Holidaymakers caught up in the Morocco earthquake have spoken of the terrifying moment disaster hit.
Jane Felix-Richards and her family, from Cardiff, were staying about 20 minutes from the main square in Marrakesh.
They were in the foyer of their hotel having a drink when they heard a “deep rumble that got increasingly louder”.
As the building began to move Ms Felix-Richards thought there had been an explosion in the building.
The quake struck at 23:11 local time on Friday and more than 1,000 have been left dead.
The epicentre was in the High Atlas Mountains, 71km (44 miles) south-west of Marrakesh, at a depth of 18.5km, the US Geological Survey said.

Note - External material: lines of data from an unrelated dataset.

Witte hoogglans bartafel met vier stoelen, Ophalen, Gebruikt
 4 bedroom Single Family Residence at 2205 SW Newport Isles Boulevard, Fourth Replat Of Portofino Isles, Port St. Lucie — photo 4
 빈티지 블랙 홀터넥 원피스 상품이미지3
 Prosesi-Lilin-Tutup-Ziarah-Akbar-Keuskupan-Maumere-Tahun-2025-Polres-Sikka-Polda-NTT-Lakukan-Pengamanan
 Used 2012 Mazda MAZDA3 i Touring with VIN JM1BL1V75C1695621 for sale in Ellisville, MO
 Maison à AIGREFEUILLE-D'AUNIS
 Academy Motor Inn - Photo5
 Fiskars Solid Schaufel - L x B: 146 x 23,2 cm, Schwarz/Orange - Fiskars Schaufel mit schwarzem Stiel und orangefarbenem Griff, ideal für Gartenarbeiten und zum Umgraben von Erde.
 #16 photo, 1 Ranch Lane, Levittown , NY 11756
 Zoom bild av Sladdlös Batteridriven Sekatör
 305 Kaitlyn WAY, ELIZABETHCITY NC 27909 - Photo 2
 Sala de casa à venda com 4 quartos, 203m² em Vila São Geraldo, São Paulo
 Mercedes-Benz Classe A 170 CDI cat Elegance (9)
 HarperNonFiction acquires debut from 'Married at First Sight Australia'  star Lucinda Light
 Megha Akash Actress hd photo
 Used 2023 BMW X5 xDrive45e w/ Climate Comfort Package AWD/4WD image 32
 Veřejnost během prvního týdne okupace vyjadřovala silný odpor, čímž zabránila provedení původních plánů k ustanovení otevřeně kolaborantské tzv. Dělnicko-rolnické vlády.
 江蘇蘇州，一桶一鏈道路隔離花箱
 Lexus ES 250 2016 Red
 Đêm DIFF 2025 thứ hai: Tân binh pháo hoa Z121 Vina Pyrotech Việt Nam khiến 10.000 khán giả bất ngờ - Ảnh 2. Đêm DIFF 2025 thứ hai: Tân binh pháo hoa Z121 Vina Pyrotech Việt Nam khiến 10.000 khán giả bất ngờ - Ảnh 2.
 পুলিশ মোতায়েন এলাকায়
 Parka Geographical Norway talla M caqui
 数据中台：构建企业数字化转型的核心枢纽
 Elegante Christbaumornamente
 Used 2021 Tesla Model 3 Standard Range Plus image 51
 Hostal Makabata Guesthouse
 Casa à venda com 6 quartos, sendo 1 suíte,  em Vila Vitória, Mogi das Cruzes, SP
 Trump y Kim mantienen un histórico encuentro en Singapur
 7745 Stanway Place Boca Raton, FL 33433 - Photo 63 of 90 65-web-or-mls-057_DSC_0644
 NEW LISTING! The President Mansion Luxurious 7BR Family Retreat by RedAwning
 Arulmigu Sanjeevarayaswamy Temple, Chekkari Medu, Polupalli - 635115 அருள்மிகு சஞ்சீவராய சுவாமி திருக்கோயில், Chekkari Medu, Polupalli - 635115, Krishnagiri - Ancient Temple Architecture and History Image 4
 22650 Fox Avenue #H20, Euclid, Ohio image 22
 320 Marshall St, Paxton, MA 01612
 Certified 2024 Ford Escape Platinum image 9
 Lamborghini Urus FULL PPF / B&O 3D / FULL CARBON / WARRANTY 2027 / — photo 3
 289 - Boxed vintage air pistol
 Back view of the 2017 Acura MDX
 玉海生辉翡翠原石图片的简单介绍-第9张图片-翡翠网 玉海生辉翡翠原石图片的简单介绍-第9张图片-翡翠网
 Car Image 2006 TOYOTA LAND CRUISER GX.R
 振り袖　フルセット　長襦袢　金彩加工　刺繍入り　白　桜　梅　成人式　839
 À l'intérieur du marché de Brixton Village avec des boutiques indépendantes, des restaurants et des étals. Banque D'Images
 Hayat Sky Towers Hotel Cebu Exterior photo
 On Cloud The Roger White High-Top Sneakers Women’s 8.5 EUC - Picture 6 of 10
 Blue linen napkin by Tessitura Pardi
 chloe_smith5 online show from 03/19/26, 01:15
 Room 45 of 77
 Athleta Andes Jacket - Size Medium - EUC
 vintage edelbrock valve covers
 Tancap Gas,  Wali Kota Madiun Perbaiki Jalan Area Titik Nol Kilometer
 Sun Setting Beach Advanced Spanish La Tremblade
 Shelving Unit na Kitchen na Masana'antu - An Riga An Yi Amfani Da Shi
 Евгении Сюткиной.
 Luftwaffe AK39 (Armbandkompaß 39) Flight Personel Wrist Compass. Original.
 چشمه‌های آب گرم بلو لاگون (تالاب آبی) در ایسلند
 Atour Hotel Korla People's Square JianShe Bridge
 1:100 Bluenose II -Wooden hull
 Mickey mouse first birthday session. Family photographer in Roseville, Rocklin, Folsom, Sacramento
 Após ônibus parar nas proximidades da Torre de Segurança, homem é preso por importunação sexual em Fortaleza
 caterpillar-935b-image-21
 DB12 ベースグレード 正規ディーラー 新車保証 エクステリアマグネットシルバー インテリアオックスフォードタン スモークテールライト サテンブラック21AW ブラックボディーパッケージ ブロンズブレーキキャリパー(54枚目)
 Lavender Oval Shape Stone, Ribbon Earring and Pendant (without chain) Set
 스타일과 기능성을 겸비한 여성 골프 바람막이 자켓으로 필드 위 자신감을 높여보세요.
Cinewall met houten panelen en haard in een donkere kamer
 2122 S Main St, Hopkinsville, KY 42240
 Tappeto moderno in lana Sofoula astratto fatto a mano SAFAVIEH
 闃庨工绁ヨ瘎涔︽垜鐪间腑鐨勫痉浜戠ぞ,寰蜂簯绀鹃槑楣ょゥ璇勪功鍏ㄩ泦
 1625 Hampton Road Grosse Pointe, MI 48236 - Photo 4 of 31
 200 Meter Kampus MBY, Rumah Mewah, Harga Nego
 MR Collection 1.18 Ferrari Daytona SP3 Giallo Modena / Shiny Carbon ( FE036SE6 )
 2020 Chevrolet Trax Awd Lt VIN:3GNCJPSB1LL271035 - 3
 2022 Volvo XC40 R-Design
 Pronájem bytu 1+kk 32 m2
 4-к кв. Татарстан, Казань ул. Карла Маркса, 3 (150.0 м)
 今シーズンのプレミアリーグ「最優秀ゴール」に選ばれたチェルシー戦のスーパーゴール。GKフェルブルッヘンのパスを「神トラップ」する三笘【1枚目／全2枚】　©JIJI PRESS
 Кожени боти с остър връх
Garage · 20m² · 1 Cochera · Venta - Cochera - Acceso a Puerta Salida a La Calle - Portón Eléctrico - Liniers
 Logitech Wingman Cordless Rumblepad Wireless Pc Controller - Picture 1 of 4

It was followed by a 4.9 aftershock 19 minutes later.
“The whole building started to violently shake, chandeliers were swinging, plaster was coming off the walls, glasses were being smashed,” Ms Felix-Richards said.
“I thought a bomb had gone off and the roof was coming down.
“I told the family to run, we ran to the doors leading out to the pool.”
They were locked so her husband pushed open a side door.
“Everyone went through that door to escape,” Ms Felix-Richards said.
Sirens could be heard in the distance.
Ms Felix-Richards said: “It was an incredibly scary experience. Today we are still in shock. It feels completely surreal.”
Carina Lewis, a student nurse from Treorchy, said she was petrified when the quake hit while she was in Marrakesh’s Aqua Mirage hotel, and “everything started flying around”.
The building, about round 37 miles (60km) from the epicentre has been left with cracks in the walls.
Ms Lewis, from Treorchy, said she and her family had been “left in limbo”.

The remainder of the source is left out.